Wohnen in Ahlen-im Gespräch mir Vivawest

Wilfried Born und Ulla Woltering

Gerade angesichts der Flüchtlinge, die nach Ahlen kommen, suchte Bürgermeisterkandidatin das Gespräch mit dem Leiter des  Kundencenters von „Vivawest“, Wilfried Born. Aber auch altersgerechte Wohnungen in den Quartieren lagen ihr am Herzen. Zunächst stellte Wilfried Born sein Unternehmen vor, das aus den Bauverein „Glückauf“ hervorgegangen ist. Wohnungen in sieben Städten werden von Ahlen und Hamm aus betreut.

Alleine in Ahlen hat „Vivawest“ 2500 Wohnungen.
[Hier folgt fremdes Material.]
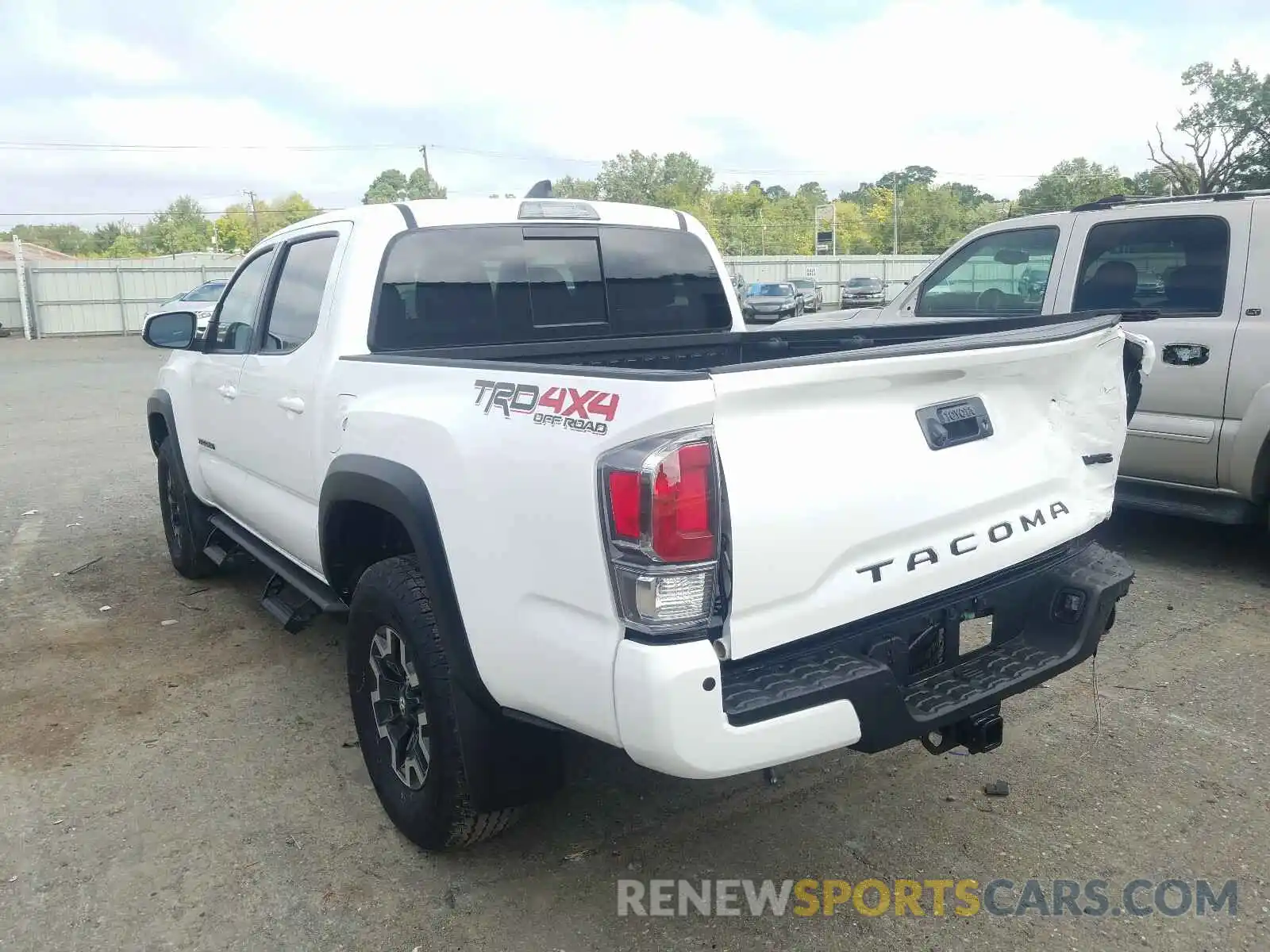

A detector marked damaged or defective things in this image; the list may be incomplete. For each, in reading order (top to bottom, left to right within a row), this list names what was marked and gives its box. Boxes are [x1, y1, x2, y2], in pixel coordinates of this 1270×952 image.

dented tailgate [711, 321, 1137, 665]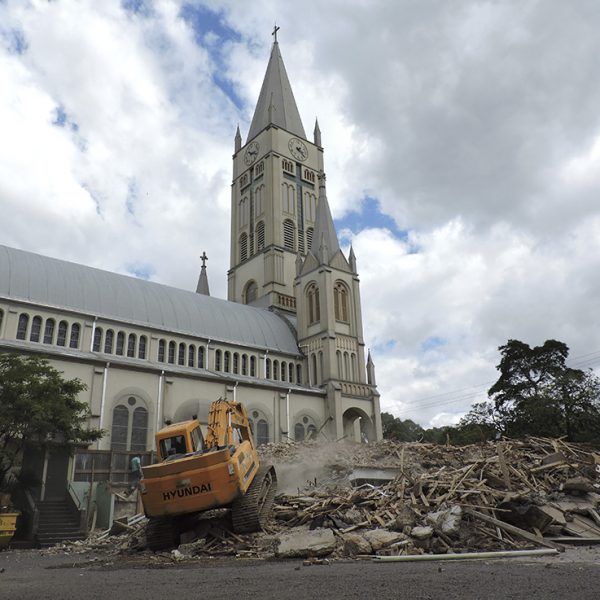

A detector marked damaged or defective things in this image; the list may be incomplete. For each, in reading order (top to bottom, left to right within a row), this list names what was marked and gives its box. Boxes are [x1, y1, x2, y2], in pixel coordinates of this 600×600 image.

broken concrete slab [274, 528, 336, 560]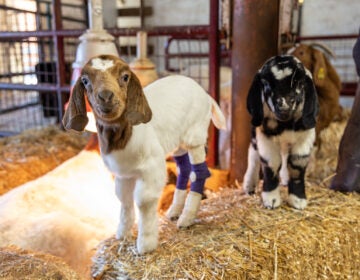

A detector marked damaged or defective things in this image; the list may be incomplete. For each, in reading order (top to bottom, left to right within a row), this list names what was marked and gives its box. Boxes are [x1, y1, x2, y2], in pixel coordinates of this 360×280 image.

rusty post [231, 0, 282, 183]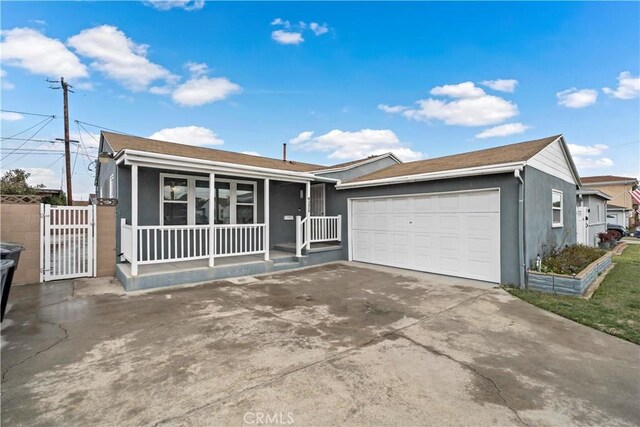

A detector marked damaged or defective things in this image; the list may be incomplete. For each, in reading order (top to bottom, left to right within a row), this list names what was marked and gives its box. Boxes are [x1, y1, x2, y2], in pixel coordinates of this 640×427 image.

driveway crack [396, 334, 528, 427]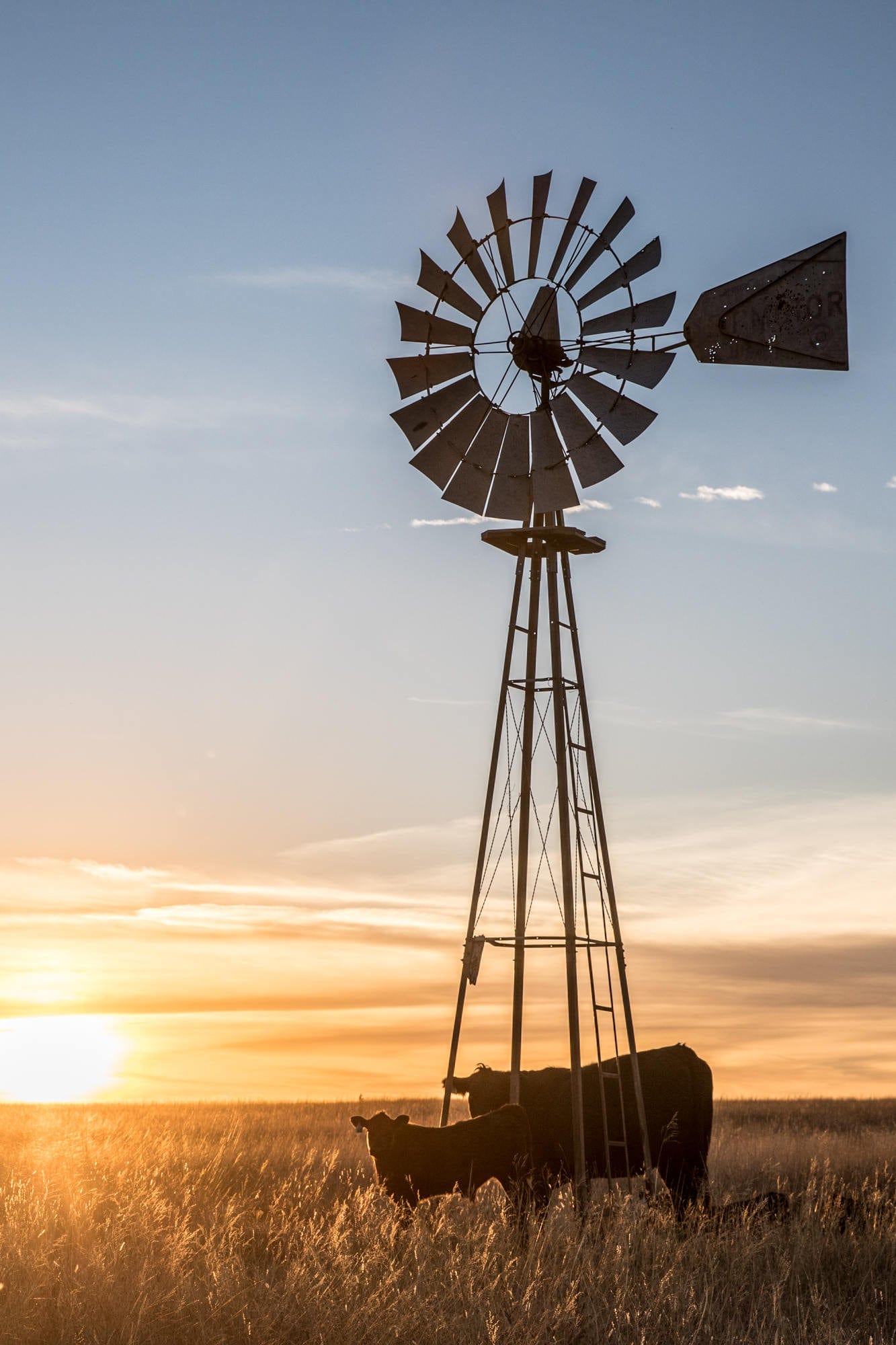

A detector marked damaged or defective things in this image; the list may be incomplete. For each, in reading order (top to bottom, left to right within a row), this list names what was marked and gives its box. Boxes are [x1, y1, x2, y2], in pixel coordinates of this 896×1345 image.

rusty metal blade [401, 303, 476, 347]
rusty metal blade [419, 250, 487, 320]
rusty metal blade [446, 210, 497, 303]
rusty metal blade [487, 179, 516, 286]
rusty metal blade [530, 174, 551, 278]
rusty metal blade [548, 176, 597, 281]
rusty metal blade [565, 198, 635, 291]
rusty metal blade [578, 238, 664, 311]
rusty metal blade [586, 292, 678, 336]
rusty metal blade [688, 231, 850, 369]
rusty metal blade [390, 350, 481, 395]
rusty metal blade [578, 347, 678, 390]
rusty metal blade [390, 377, 481, 449]
rusty metal blade [411, 430, 468, 490]
rusty metal blade [436, 395, 492, 460]
rusty metal blade [444, 455, 495, 511]
rusty metal blade [573, 433, 629, 487]
rusty metal blade [567, 374, 659, 447]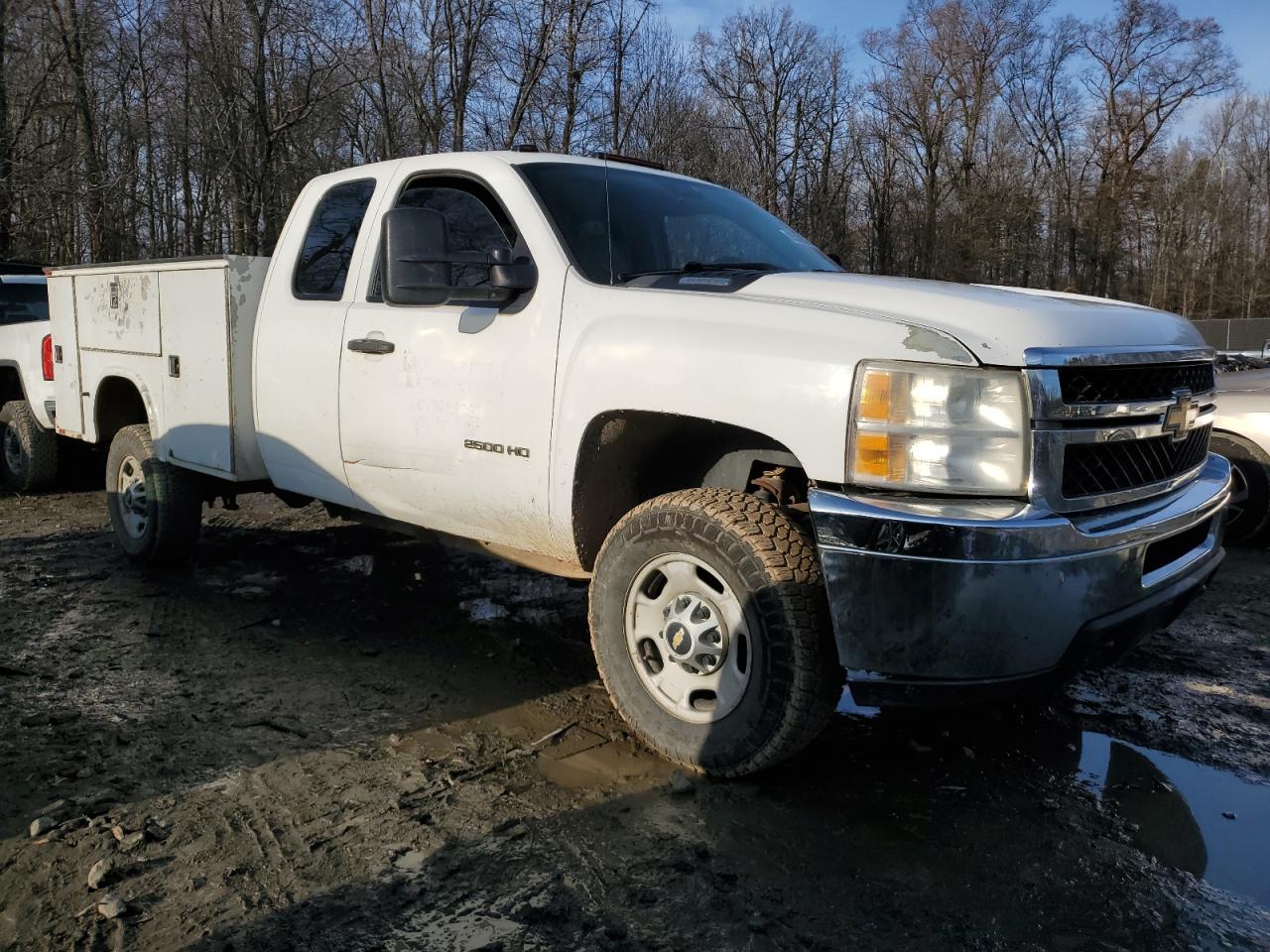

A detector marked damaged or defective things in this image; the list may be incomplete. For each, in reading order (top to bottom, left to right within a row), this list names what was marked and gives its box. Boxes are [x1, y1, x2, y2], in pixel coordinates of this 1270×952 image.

dented hood paint [741, 274, 1204, 370]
Der Leerstand betrage aber nur 1,2 Prozent und sei in der Mehrzahl Renovierungsarbeiten nach Mieterwechsel geschuldet. „Wo Not am Mann ist“, so Born, werde geholfen. Die Unternehmensgruppe engagiere sich  sozial vielfach. So gebe es durchaus Hilfe für Flüchtlinge, die aus dem Übergangswohnheim ausziehen sollen. Es bestehe eine Flüchtlingskooperation mit der Stadt Ahlen.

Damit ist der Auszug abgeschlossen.